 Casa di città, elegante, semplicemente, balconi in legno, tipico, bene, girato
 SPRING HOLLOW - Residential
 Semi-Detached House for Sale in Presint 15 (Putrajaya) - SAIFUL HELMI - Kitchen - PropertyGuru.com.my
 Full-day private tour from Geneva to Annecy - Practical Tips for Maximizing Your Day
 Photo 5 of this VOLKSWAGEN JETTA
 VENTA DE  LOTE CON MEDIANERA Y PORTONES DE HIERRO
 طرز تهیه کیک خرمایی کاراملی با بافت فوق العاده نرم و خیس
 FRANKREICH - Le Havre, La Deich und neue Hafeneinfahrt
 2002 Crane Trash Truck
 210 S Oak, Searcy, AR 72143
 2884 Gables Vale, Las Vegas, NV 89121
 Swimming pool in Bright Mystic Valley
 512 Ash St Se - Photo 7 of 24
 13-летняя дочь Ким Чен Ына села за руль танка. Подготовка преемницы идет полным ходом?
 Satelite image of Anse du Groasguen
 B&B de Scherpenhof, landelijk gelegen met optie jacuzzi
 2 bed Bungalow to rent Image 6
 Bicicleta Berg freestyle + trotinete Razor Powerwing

· · · · · · ·

From top to bottom, reproduce the material exactly.

**RESULT OF THE EXERCISE**
 Casa di città, elegante, semplicemente, balconi in legno, tipico, bene, girato
 SPRING HOLLOW - Residential
 Semi-Detached House for Sale in Presint 15 (Putrajaya) - SAIFUL HELMI - Kitchen - PropertyGuru.com.my
 Full-day private tour from Geneva to Annecy - Practical Tips for Maximizing Your Day
 Photo 5 of this VOLKSWAGEN JETTA
 VENTA DE  LOTE CON MEDIANERA Y PORTONES DE HIERRO
 طرز تهیه کیک خرمایی کاراملی با بافت فوق العاده نرم و خیس
 FRANKREICH - Le Havre, La Deich und neue Hafeneinfahrt
 2002 Crane Trash Truck
 210 S Oak, Searcy, AR 72143
 2884 Gables Vale, Las Vegas, NV 89121
 Swimming pool in Bright Mystic Valley
 512 Ash St Se - Photo 7 of 24
 13-летняя дочь Ким Чен Ына села за руль танка. Подготовка преемницы идет полным ходом?
 Satelite image of Anse du Groasguen
 B&B de Scherpenhof, landelijk gelegen met optie jacuzzi
 2 bed Bungalow to rent Image 6
 Bicicleta Berg freestyle + trotinete Razor Powerwing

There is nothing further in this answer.